Ces atteintes aux droits humains devraient empêcher ce pays d’accéder à l’espace Schengen

(Budapest)  – La décision émise par la Commission européenne le 22 octobre 2019, selon laquelle la Croatie est prête à rejoindre l’espace Schengen, ne tient pas suffisamment compte des preuves de refoulements violents de migrants à ses frontières, a déclaré Human Rights Watch aujourd’hui, à l’occasion de la diffusion d’une vidéo détaillant ces abus.

Cette décision de la Commission européenne adresse le message que de graves atteintes aux droits humains ne sont pas un obstacle pour accéder à l’espace Schengen. Au lieu de récompenser ainsi la Croatie, la Commission européenne devrait plutôt enquêter sur cette situation.

« Les expulsions illégales et violentes de demandeurs dasile et de migrants par la Croatie devraient la disqualifier pour l’entrée dans lespace Schengen », a déclaré Lydia Gall, chercheuse senior pour l’Europe de l’Est et les Balkans à Human Rights Watch. « Si on ferme les yeux sur les abus commis à légard des migrants à ses frontières, alors lidée que ladhésion à Schengen est conditionnée au respect des droits humains nest plus qu’un beau discours sans fondement. »

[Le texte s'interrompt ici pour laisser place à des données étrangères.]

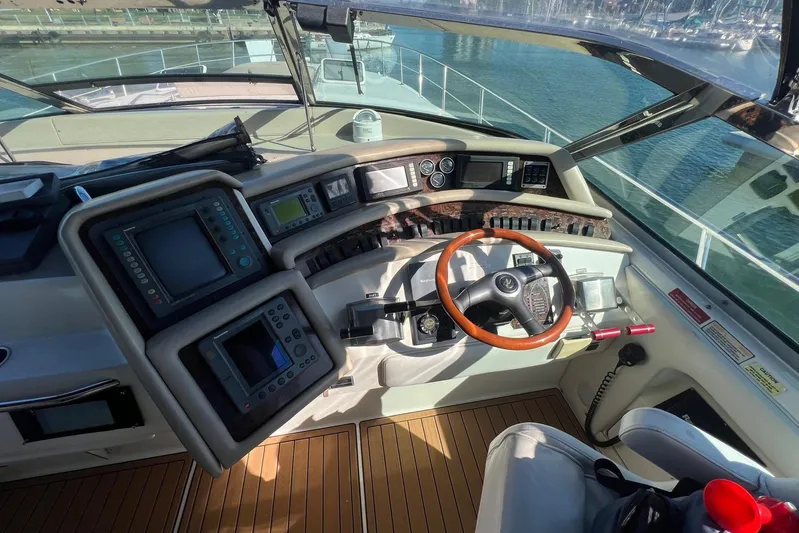 Abeona Yacht Photos Pics Cockpit of 1997 Sea Ray 500 Sundancer yacht with navigation instruments and wooden steering wheel.
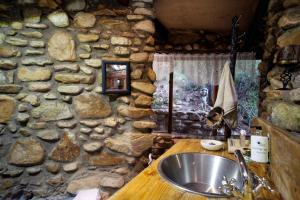 a stone bathroom with a sink and a stone wall at Baviaanskloof Duiwekloof Lodge in Willowmore +68 photos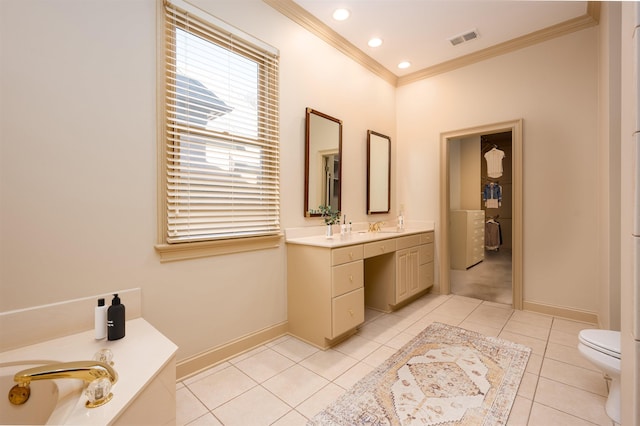 bathroom with tile patterned floors, vanity, toilet, a bath, and crown molding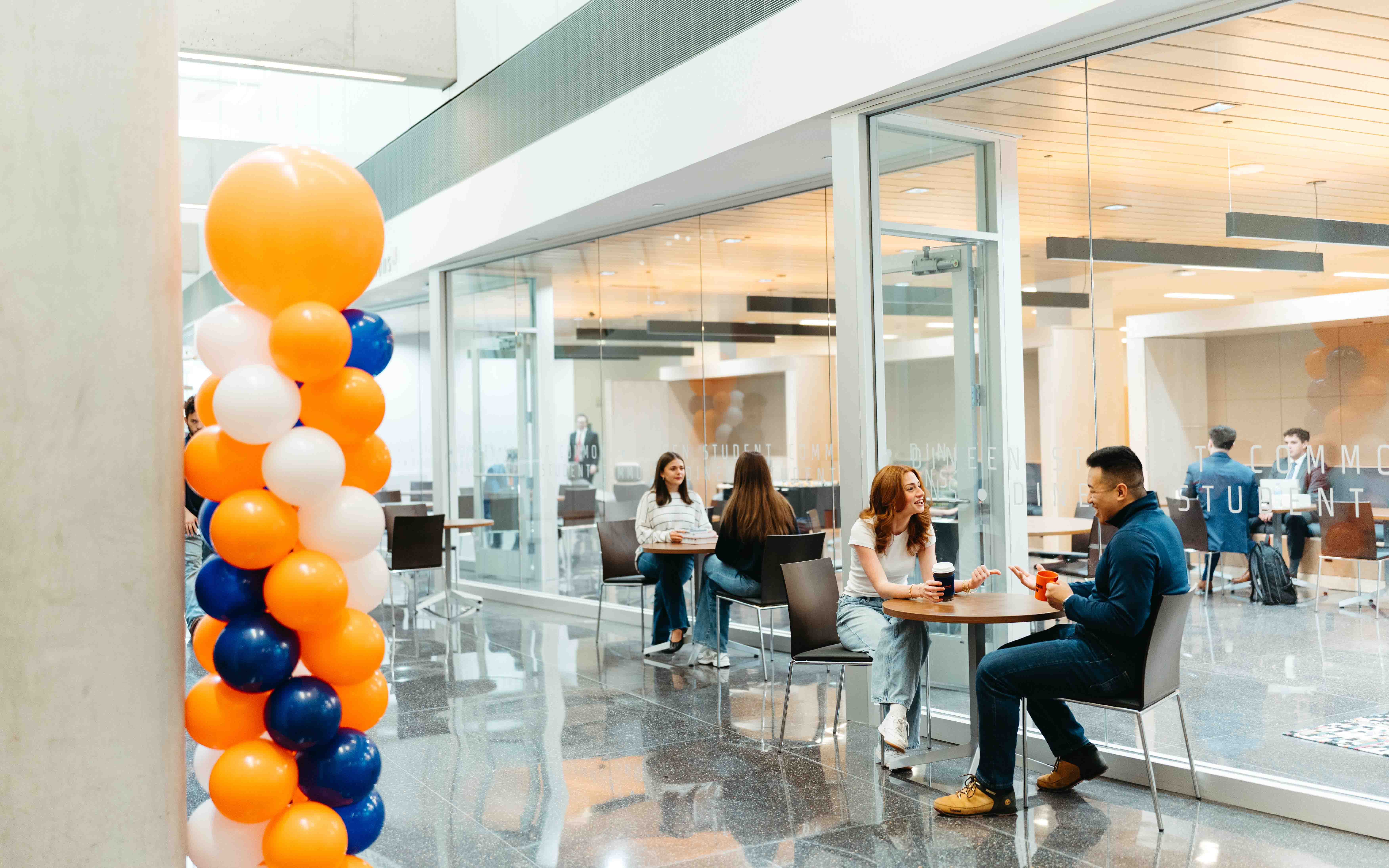 Students sit at tables talking outside of the new Dineen Hall Student Commons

La vidéo de Human Rights Watch présente des entretiens réalisés avec des personnes qui venaient d’être renvoyées sommairement en Bosnie par des policiers croates en août. Y figurent aussi des interviews d’autres victimes de refoulement, ainsi que de témoins des refoulements, comme le maire de Bihac, une petite ville bosniaque frontalière de la Croatie. La vidéo montre également des séquences filmées secrètement où l’on voit des policiers croates escortant un groupe de migrants de l’autre côté de la frontière avec la Bosnie-Herzégovine, sans respecter les procédures règlementaires.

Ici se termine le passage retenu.